Dès qu’il fut parti, la Fleur-des-eaux revint prendre sa place accoutumée auprès de moi. Etait-ce un effet de la danse ou je ne sais quoi? mais ce mélange de confiance affectueuse et de réserve exagérée qu’elle montrait à mon égard, me jetait, en ce moment plus que jamais, dans un trouble difficile à exprimer.

Assis auprès d’elle, je ressentais toutes les joies de l’amant, doublées de toutes les angoisses de la solitude.

Enfin, dis-je à part moi, peut-être manqué-je d’audace.

S’il ne tient qu’à cela, ayons-en.

Rien ne me semblait plus facile; la Fleur-des-eaux se considérant presque comme le complément de moi-même, sa soumission absolue à chacune de mes volontés, semblait devoir justifier toutes mes espérances.

J’eus donc un semblant d’audace; alors elle commença à me fixer tristement. Je voulus passer outre; mais elle s’esquiva et se mit à pleurer.

Importuné de. cette attitude à mon égard, je la rappelai.

Elle revint aussitôt et me dit:

— Laisse-moi en paix. Je sais ce que je suis et ce que je dois être. D’ailleurs, je suis bien là et j’y veux rester libre, ajouta-t-elle en appuyant sa tête sur mon épaule. Et puis, tu es à moi jusqu’à mon dernier soleil. Cette fois m’as-tu comprise?

C’est-à-dire que je ne comprenais rien, et cette crânerie féminine, ayant quelque chose de si disproportionné avec la personne qui en faisait parade, il me fut impossible de la prendre au sérieux.
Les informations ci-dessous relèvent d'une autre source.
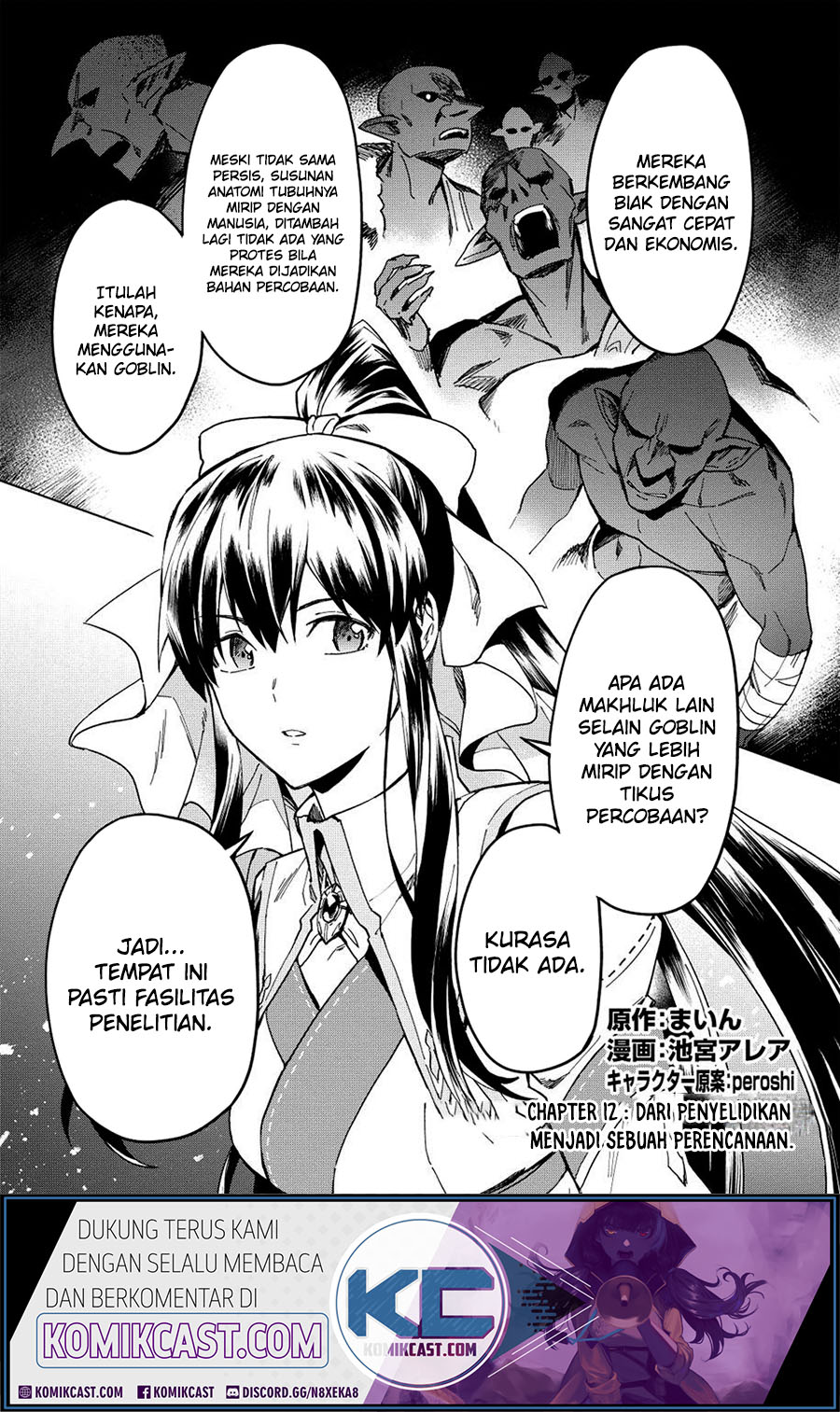 Kuitsume Youhei no Gensou Kitan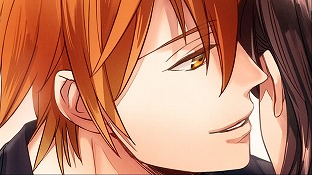 画像ギャラリー No.011のサムネイル画像 / Nintendo Switch版「口外禁止!! (密)オフィスラブ」の配信がスタート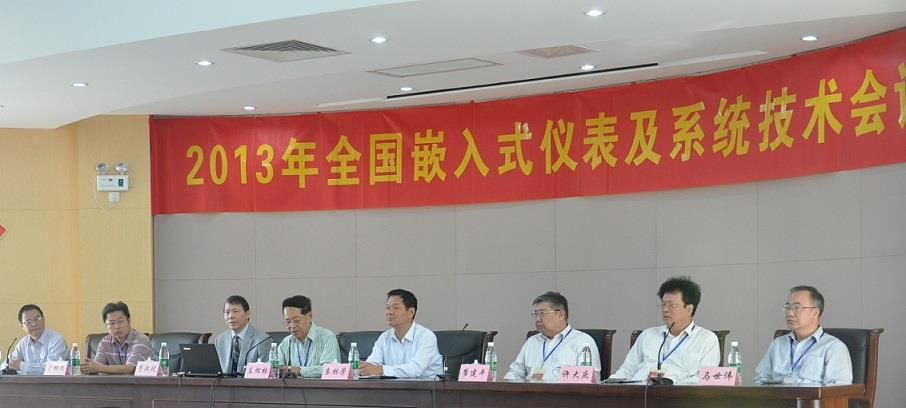 我校乐成举行第五届天下嵌入式仪表及系统手艺学术年会-永信贵宾会217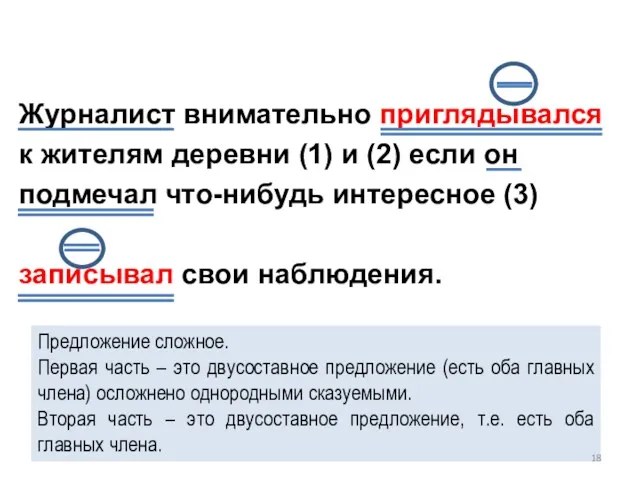 Журналист внимательно приглядывался к жителям деревни (1) и (2) если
— Ah! voilà du nouveau, répondis-je en riant.

A ces mots, son visage qui s’enflamma rapidement, prit une animation extraordinaire. Elle bondit comme une tigresse et, dressée de toute sa hauteur, me cria d’une voix stridente:

— Je te dis que tu m’appartiens.

Mais ses forces ne répondaient pas à son énergie, car elle vint tomber à mes pieds, en répétant son mot mystérieux:

— Manta!

Cette scène inattendue m’avait causé une si vive émotion, que j’eus besoin d’un instant pour me remettre. Cependant, le devoir l’emporta, et, ne voulant plus m’occuper que d’elle seule, j’allai la placer sur son hamac, où elle demeura froide et inerte, les yeux tout grands ouverts et ne regardant rien.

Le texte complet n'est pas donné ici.